Prompt: Copy out all lines bearing the word "image" from the listing below.

Data:

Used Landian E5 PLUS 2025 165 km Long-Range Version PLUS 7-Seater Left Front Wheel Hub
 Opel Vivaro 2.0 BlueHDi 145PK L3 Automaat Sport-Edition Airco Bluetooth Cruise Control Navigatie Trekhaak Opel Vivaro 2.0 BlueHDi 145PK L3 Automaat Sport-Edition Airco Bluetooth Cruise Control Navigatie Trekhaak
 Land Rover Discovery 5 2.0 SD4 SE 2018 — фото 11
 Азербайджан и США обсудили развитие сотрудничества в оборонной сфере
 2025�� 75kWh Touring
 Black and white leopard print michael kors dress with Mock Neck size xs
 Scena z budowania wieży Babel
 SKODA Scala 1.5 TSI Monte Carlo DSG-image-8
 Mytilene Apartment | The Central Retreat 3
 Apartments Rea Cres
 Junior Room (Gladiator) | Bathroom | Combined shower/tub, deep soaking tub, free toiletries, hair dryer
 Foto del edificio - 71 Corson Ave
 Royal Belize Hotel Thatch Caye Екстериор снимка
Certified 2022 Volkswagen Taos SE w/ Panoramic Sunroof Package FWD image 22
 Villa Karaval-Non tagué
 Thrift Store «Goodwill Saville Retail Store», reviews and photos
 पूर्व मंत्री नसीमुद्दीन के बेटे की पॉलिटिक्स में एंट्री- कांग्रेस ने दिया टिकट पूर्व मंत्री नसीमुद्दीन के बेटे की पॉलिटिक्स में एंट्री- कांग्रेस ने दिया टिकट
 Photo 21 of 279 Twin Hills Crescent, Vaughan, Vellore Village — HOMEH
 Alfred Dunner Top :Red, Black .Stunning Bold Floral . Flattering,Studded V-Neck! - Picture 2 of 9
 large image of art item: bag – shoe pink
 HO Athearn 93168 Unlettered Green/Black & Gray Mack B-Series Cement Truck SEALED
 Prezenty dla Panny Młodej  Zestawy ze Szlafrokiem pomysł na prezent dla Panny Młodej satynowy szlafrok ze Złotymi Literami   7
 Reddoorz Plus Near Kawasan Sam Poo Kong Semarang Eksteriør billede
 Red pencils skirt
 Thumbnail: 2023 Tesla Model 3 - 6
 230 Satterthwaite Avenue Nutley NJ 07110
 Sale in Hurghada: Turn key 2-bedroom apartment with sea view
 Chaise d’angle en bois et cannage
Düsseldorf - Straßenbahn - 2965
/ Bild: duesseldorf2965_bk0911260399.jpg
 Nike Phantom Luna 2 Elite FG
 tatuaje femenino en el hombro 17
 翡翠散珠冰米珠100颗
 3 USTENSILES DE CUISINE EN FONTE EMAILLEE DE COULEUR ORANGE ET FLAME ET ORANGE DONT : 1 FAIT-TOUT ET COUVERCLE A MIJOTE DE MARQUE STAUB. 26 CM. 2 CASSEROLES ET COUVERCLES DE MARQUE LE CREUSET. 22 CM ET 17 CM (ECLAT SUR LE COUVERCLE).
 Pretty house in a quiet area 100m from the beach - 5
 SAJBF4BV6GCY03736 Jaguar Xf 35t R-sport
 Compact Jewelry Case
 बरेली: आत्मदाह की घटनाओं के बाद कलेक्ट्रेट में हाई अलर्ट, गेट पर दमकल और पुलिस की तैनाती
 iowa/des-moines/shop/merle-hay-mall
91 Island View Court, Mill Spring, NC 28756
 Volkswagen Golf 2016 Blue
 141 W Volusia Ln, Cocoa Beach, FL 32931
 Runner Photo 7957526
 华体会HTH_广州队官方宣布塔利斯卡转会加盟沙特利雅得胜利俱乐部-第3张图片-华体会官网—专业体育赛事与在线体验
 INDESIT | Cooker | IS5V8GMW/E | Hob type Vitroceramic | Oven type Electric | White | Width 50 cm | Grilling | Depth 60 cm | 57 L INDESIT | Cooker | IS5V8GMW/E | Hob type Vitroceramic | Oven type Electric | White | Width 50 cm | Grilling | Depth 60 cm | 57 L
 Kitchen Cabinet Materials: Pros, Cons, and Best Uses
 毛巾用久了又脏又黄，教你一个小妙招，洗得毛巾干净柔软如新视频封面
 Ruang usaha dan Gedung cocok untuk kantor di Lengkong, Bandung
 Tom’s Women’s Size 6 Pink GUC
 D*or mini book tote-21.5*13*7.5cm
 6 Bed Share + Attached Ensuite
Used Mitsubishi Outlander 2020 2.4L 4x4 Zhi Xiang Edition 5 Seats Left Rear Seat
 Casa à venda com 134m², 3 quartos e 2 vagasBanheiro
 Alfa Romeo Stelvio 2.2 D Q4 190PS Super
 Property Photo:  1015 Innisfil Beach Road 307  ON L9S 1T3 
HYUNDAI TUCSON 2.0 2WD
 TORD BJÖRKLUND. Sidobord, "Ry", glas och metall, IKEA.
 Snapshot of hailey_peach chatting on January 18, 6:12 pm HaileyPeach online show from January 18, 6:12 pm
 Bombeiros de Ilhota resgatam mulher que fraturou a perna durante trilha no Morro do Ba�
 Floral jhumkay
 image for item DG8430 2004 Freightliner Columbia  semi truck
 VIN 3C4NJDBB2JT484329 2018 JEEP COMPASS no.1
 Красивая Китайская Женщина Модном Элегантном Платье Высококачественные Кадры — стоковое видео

Output of the exercise:
 SKODA Scala 1.5 TSI Monte Carlo DSG-image-8
Certified 2022 Volkswagen Taos SE w/ Panoramic Sunroof Package FWD image 22
 large image of art item: bag – shoe pink
 image for item DG8430 2004 Freightliner Columbia  semi truck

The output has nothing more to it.